**PROBLEM:**
Copy exactly the line containing "3972121 LM40 104kW" and all lines after it, through the last line of the material below; omit everything before it.

#### TASK MATERIAL

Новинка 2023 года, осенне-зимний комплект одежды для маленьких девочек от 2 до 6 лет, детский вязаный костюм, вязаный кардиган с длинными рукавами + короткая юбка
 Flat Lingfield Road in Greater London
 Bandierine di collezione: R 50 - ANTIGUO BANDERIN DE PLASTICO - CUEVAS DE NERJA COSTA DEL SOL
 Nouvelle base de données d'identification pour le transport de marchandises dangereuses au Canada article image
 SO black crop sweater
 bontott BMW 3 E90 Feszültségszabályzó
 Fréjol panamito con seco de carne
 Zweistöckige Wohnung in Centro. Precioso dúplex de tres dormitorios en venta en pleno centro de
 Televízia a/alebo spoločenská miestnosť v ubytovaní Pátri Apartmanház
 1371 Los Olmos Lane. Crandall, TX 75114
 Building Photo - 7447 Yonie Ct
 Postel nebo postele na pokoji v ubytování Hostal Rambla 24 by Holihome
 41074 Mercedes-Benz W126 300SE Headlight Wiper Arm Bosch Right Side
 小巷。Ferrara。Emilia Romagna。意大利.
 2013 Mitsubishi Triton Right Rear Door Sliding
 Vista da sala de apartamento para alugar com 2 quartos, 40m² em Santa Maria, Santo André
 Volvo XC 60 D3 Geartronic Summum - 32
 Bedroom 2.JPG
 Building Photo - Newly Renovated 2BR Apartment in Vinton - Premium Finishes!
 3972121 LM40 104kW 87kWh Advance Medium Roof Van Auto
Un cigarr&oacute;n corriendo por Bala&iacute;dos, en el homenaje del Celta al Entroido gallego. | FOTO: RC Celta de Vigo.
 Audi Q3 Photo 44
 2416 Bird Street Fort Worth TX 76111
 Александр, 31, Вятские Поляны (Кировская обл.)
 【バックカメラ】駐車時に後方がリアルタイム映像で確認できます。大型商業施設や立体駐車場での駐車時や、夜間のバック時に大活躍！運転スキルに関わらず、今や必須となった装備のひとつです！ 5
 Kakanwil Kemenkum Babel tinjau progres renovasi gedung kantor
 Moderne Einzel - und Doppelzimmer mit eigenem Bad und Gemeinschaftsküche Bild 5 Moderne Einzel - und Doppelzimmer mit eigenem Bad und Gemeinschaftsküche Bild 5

########

**WRITTEN RESPONSE:**
 3972121 LM40 104kW 87kWh Advance Medium Roof Van Auto
Un cigarr&oacute;n corriendo por Bala&iacute;dos, en el homenaje del Celta al Entroido gallego. | FOTO: RC Celta de Vigo.
 Audi Q3 Photo 44
 2416 Bird Street Fort Worth TX 76111
 Александр, 31, Вятские Поляны (Кировская обл.)
 【バックカメラ】駐車時に後方がリアルタイム映像で確認できます。大型商業施設や立体駐車場での駐車時や、夜間のバック時に大活躍！運転スキルに関わらず、今や必須となった装備のひとつです！ 5
 Kakanwil Kemenkum Babel tinjau progres renovasi gedung kantor
 Moderne Einzel - und Doppelzimmer mit eigenem Bad und Gemeinschaftsküche Bild 5 Moderne Einzel - und Doppelzimmer mit eigenem Bad und Gemeinschaftsküche Bild 5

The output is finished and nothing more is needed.